Data provided:

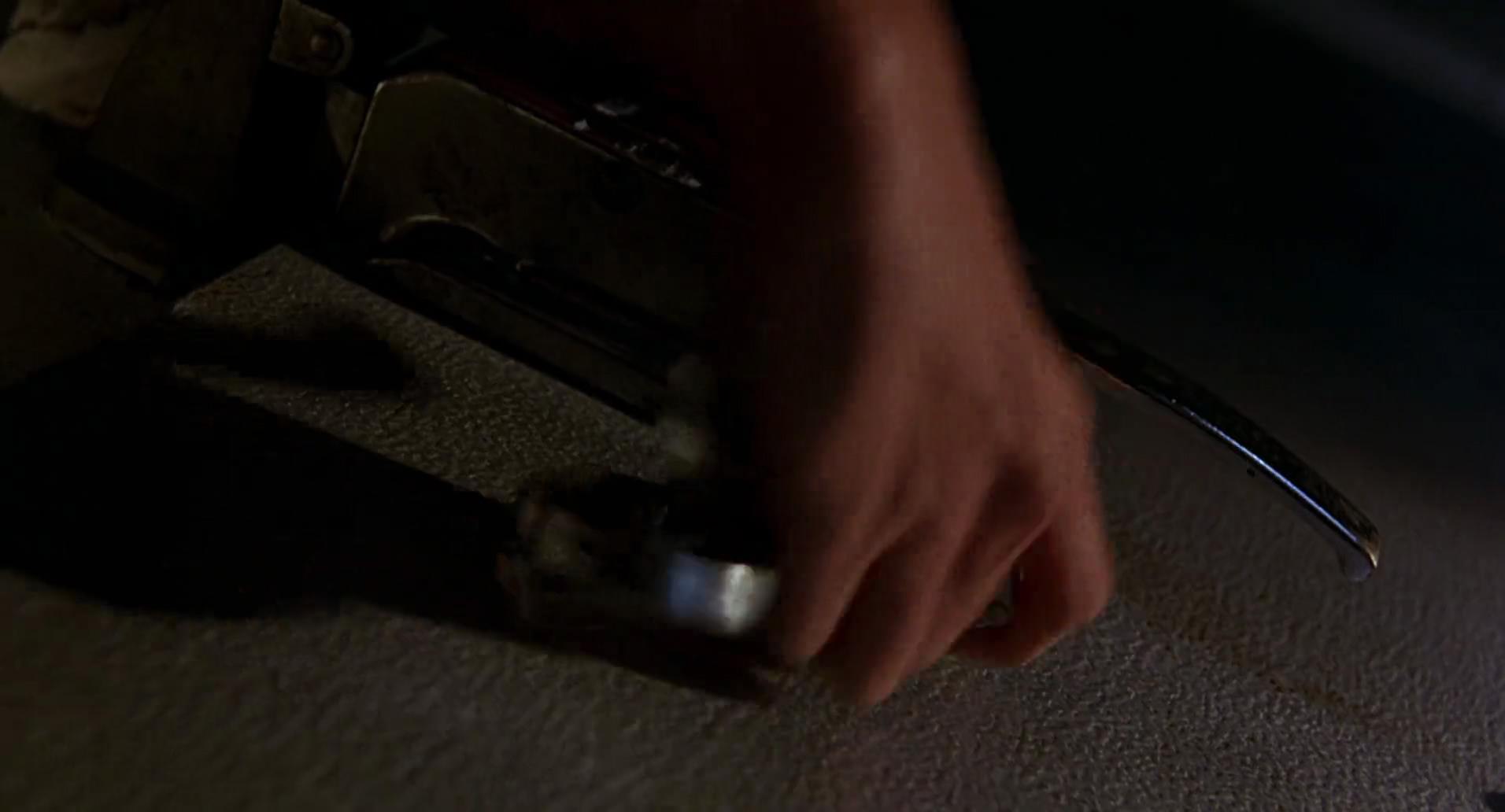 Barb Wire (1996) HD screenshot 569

--

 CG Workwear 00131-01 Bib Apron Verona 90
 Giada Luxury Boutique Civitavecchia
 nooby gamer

Exercise details: Of the lines above, output exactly those from the line bearing "Giada Luxury Boutique Civitavecchia" through the line bearing "nooby gamer", inclusive.

Task result:
 Giada Luxury Boutique Civitavecchia
 nooby gamer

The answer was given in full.